Centuries ago, "wilderness" meant a distinctly different place. Satan, according to Saint Matthew, tempted Jesus Christ in the wilderness for 40 days and 40 nights. The Biblical wilderness was a hostile place, a testing place. The word wilderness itself began to evolve in the early Teutonic and Norse tongues. The word will, which we now know as wild, was used to convey the concept of being lost; deor meant beast; wild-deor were creatures-out-of-control. Thus, a wild-deor-ness came to mean a place populated by such creatures.
The more we learned about the wilderness, especially in this century, the narrower our definition became. As we chopped away at it, it became easier to classify wilderness into neat, identifiable packages. Our fear of the wilderness slowly gave way to belated admiration. The wilderness still tests us, but we no longer expect to find the devil there.

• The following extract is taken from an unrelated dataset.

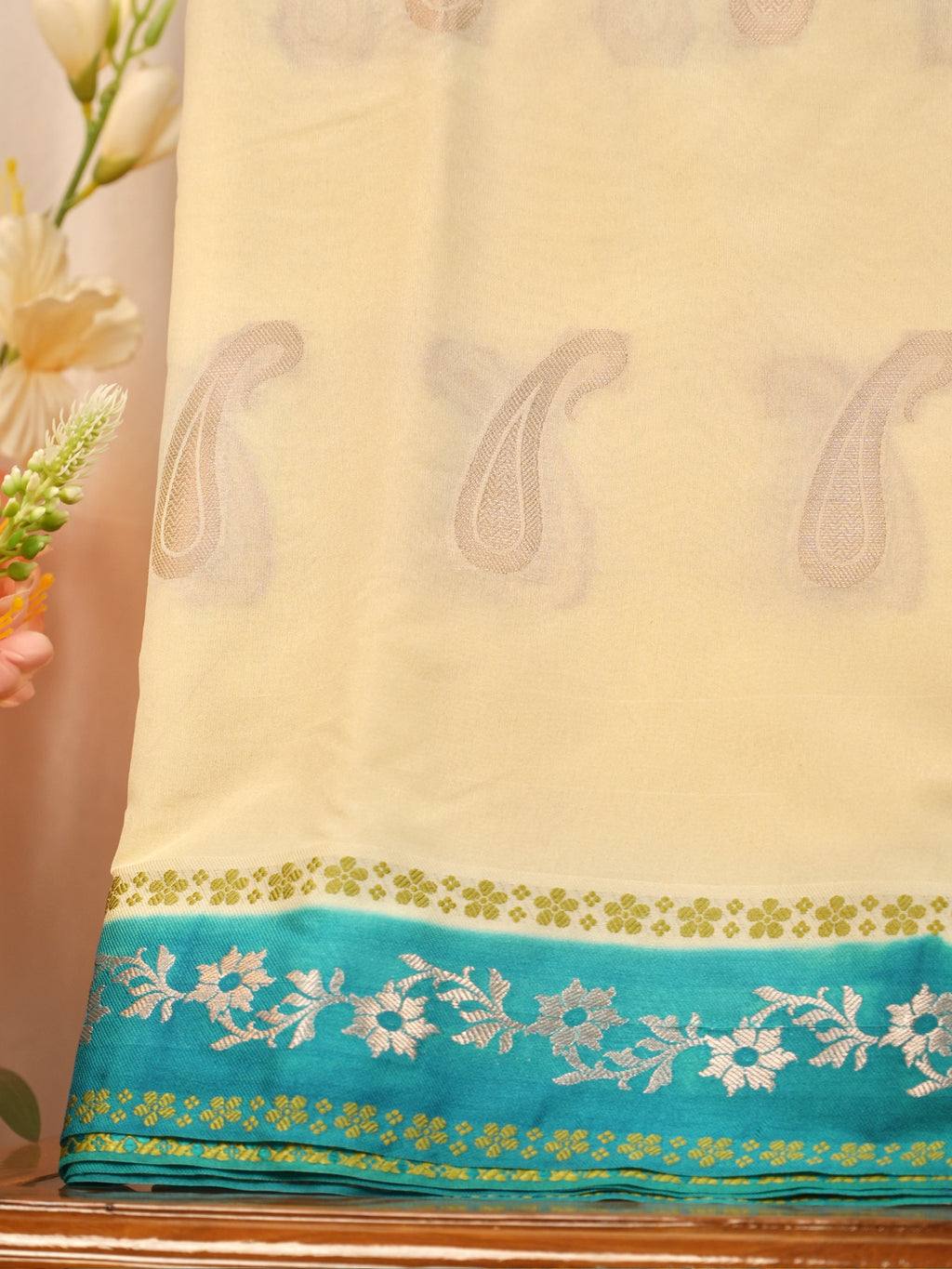 Cream & Sea Green / Teal Contrast Semi Soft Silk Saree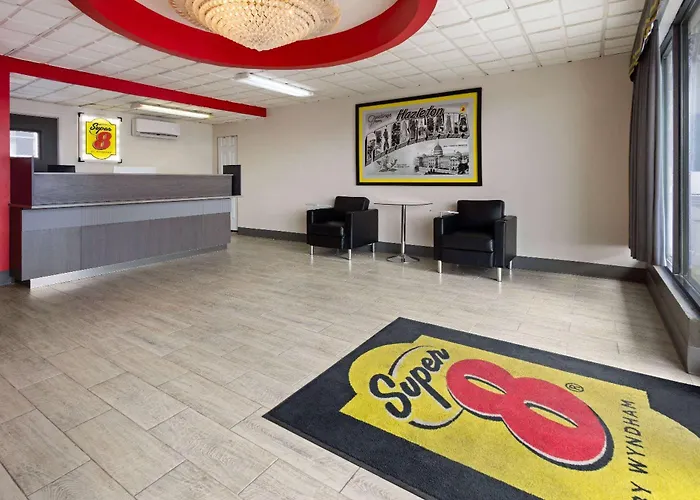 Super 8 By Wyndham Hazleton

We may, however, find the next worse thing—the Bureau of Reclamation. BuRec (the accent's on wreck) has invaded a new wilderness—Aspen's Hunter Creek watershed. Not only has the federal dam-building bureaucracy torn up one of the West's most scenic streams, but it plans to divert all but a trickle of water under the Rocky Mountains to the thirsty voters of Pueblo, Colorado. This, despite the fact that the Hunter Creek Valley was officially recognized as "wilderness" earlier this year.
The lesson is clear. It is not enough to define wilderness. Packaging it in neat semantic bundles won't save it, even from the federal government. What will? Let's reclassify the BuRec and its bulldozing crews as wild-deors—creatures-out-of-control—and take appropriate legislative action to control their numbers and range.